Exactly as given, write out all the entries again.

---------- Material shown

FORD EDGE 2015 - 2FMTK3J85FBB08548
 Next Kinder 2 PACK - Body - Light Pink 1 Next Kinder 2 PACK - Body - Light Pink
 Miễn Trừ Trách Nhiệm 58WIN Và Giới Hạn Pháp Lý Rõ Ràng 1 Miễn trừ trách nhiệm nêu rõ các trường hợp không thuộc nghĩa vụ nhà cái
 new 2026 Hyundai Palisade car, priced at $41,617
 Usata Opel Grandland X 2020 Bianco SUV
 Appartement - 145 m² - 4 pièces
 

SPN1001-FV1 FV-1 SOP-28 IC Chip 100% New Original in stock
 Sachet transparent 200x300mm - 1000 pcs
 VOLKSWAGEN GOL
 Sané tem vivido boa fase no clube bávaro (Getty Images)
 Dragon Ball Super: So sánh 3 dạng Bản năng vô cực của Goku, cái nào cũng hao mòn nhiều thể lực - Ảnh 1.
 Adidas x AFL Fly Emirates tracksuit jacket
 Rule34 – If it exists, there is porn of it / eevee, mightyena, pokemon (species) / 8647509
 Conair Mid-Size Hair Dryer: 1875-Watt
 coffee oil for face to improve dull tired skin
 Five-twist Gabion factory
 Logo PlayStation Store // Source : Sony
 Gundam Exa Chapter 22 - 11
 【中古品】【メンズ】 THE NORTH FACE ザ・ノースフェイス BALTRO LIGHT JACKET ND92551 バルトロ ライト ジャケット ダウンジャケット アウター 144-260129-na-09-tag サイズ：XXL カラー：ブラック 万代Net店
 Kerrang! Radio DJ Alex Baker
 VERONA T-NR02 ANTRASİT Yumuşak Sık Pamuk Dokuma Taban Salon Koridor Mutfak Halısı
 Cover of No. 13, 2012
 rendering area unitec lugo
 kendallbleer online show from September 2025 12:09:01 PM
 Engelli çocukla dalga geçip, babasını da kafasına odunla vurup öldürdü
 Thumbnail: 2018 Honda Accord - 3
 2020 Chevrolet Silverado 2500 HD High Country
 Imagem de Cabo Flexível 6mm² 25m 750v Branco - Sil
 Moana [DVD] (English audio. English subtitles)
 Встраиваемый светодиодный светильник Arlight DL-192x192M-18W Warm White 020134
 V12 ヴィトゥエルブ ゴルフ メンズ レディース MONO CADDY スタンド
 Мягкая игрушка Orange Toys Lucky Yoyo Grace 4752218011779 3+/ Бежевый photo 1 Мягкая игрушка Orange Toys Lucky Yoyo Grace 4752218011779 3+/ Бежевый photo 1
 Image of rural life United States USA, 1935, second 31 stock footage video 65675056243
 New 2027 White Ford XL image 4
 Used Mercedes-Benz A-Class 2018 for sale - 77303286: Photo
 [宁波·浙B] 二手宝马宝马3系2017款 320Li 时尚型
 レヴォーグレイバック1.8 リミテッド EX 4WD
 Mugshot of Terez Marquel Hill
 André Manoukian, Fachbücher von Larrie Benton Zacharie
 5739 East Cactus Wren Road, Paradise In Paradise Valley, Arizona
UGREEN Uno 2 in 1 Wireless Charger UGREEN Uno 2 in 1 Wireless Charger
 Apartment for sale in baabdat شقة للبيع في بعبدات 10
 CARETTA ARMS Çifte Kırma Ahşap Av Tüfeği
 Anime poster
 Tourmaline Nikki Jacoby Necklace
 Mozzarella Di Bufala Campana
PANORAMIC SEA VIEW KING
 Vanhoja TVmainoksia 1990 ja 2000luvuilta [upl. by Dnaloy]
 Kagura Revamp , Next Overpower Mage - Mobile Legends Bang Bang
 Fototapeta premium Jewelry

--------------------

▶ _Task response_
FORD EDGE 2015 - 2FMTK3J85FBB08548
 Next Kinder 2 PACK - Body - Light Pink 1 Next Kinder 2 PACK - Body - Light Pink
 Miễn Trừ Trách Nhiệm 58WIN Và Giới Hạn Pháp Lý Rõ Ràng 1 Miễn trừ trách nhiệm nêu rõ các trường hợp không thuộc nghĩa vụ nhà cái
 new 2026 Hyundai Palisade car, priced at $41,617
 Usata Opel Grandland X 2020 Bianco SUV
 Appartement - 145 m² - 4 pièces
 

SPN1001-FV1 FV-1 SOP-28 IC Chip 100% New Original in stock
 Sachet transparent 200x300mm - 1000 pcs
 VOLKSWAGEN GOL
 Sané tem vivido boa fase no clube bávaro (Getty Images)
 Dragon Ball Super: So sánh 3 dạng Bản năng vô cực của Goku, cái nào cũng hao mòn nhiều thể lực - Ảnh 1.
 Adidas x AFL Fly Emirates tracksuit jacket
 Rule34 – If it exists, there is porn of it / eevee, mightyena, pokemon (species) / 8647509
 Conair Mid-Size Hair Dryer: 1875-Watt
 coffee oil for face to improve dull tired skin
 Five-twist Gabion factory
 Logo PlayStation Store // Source : Sony
 Gundam Exa Chapter 22 - 11
 【中古品】【メンズ】 THE NORTH FACE ザ・ノースフェイス BALTRO LIGHT JACKET ND92551 バルトロ ライト ジャケット ダウンジャケット アウター 144-260129-na-09-tag サイズ：XXL カラー：ブラック 万代Net店
 Kerrang! Radio DJ Alex Baker
 VERONA T-NR02 ANTRASİT Yumuşak Sık Pamuk Dokuma Taban Salon Koridor Mutfak Halısı
 Cover of No. 13, 2012
 rendering area unitec lugo
 kendallbleer online show from September 2025 12:09:01 PM
 Engelli çocukla dalga geçip, babasını da kafasına odunla vurup öldürdü
 Thumbnail: 2018 Honda Accord - 3
 2020 Chevrolet Silverado 2500 HD High Country
 Imagem de Cabo Flexível 6mm² 25m 750v Branco - Sil
 Moana [DVD] (English audio. English subtitles)
 Встраиваемый светодиодный светильник Arlight DL-192x192M-18W Warm White 020134
 V12 ヴィトゥエルブ ゴルフ メンズ レディース MONO CADDY スタンド
 Мягкая игрушка Orange Toys Lucky Yoyo Grace 4752218011779 3+/ Бежевый photo 1 Мягкая игрушка Orange Toys Lucky Yoyo Grace 4752218011779 3+/ Бежевый photo 1
 Image of rural life United States USA, 1935, second 31 stock footage video 65675056243
 New 2027 White Ford XL image 4
 Used Mercedes-Benz A-Class 2018 for sale - 77303286: Photo
 [宁波·浙B] 二手宝马宝马3系2017款 320Li 时尚型
 レヴォーグレイバック1.8 リミテッド EX 4WD
 Mugshot of Terez Marquel Hill
 André Manoukian, Fachbücher von Larrie Benton Zacharie
 5739 East Cactus Wren Road, Paradise In Paradise Valley, Arizona
UGREEN Uno 2 in 1 Wireless Charger UGREEN Uno 2 in 1 Wireless Charger
 Apartment for sale in baabdat شقة للبيع في بعبدات 10
 CARETTA ARMS Çifte Kırma Ahşap Av Tüfeği
 Anime poster
 Tourmaline Nikki Jacoby Necklace
 Mozzarella Di Bufala Campana
PANORAMIC SEA VIEW KING
 Vanhoja TVmainoksia 1990 ja 2000luvuilta [upl. by Dnaloy]
 Kagura Revamp , Next Overpower Mage - Mobile Legends Bang Bang
 Fototapeta premium Jewelry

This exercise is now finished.